I visited Monterosso in the first week of December that year. At that time the city had just been emptied of mud, leaving a skeleton of dirty walls in destroyed places. Everybody was working industriously in a spirit of solidarity, each of them taking care of the restoration of hotels, restaurants, shops, public schools and the hills behind city. Many citizens I interviewed were very lucid about the fault of dangerous urbanization in the region, the hydrological risks and the lack of care for the hills surrounding the city: “New generations don’t farm the land anymore, they don’t protect trails, don’t mend the countryside walls and they don’t clean the rivers.” Some people said that this was one of the most important times of their life, because as a result of the calamity the citizens overcame the usual envy and selfishness of modern life, and felt supported and connected to one another as never before.

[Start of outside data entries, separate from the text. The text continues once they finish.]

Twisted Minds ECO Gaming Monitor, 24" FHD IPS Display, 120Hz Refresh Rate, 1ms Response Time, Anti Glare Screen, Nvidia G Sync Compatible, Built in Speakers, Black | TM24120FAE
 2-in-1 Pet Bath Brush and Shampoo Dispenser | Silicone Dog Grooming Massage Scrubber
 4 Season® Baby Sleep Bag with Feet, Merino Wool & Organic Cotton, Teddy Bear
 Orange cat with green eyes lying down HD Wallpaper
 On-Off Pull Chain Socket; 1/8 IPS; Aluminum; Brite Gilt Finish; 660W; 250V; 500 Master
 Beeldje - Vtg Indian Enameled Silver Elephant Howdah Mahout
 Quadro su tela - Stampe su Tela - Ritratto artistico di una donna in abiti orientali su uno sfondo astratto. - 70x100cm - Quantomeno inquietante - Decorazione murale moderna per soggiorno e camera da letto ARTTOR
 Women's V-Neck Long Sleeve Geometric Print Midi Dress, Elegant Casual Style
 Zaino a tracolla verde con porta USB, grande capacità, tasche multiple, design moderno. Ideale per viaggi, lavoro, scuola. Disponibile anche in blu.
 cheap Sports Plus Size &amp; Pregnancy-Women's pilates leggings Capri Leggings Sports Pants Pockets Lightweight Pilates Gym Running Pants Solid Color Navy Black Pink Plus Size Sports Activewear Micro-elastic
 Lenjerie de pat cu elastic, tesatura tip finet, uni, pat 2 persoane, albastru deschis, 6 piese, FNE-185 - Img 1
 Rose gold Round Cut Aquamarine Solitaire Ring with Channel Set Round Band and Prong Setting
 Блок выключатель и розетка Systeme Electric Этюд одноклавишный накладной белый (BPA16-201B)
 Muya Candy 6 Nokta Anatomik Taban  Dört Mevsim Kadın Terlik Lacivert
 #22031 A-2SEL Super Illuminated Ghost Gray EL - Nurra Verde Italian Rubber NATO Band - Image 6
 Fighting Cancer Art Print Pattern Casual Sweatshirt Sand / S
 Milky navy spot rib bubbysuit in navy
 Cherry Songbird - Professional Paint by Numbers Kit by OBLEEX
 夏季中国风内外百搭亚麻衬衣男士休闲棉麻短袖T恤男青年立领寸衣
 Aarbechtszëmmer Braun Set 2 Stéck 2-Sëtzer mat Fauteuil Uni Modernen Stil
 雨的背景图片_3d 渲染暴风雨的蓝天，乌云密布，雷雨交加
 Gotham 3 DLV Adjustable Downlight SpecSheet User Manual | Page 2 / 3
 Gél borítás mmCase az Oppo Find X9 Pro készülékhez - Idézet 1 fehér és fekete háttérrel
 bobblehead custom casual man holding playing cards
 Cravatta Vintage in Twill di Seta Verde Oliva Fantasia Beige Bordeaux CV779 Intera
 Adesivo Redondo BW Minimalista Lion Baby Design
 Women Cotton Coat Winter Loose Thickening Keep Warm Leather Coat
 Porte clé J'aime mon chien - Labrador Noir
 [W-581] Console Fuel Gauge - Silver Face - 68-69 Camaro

Monterosso, a beautiful fishing village and a UNESCO World Heritage Site, was almost wiped out by a flood. That day the rainstorm caused dozens of landslides, the underground rivulet from the surrounding mountains turned in a roaring river and rampaged through the town, swamping the village and bringing hundreds of tonnes of debris and mud in its wake. The damage in the area amounted to more than 700 million euros and the Italian government couldn’t afford to pay for the removal of the ruins and for the restoration of vital services such as sewers. Thousands of volunteers and public organizations went to Monterosso to help with the work.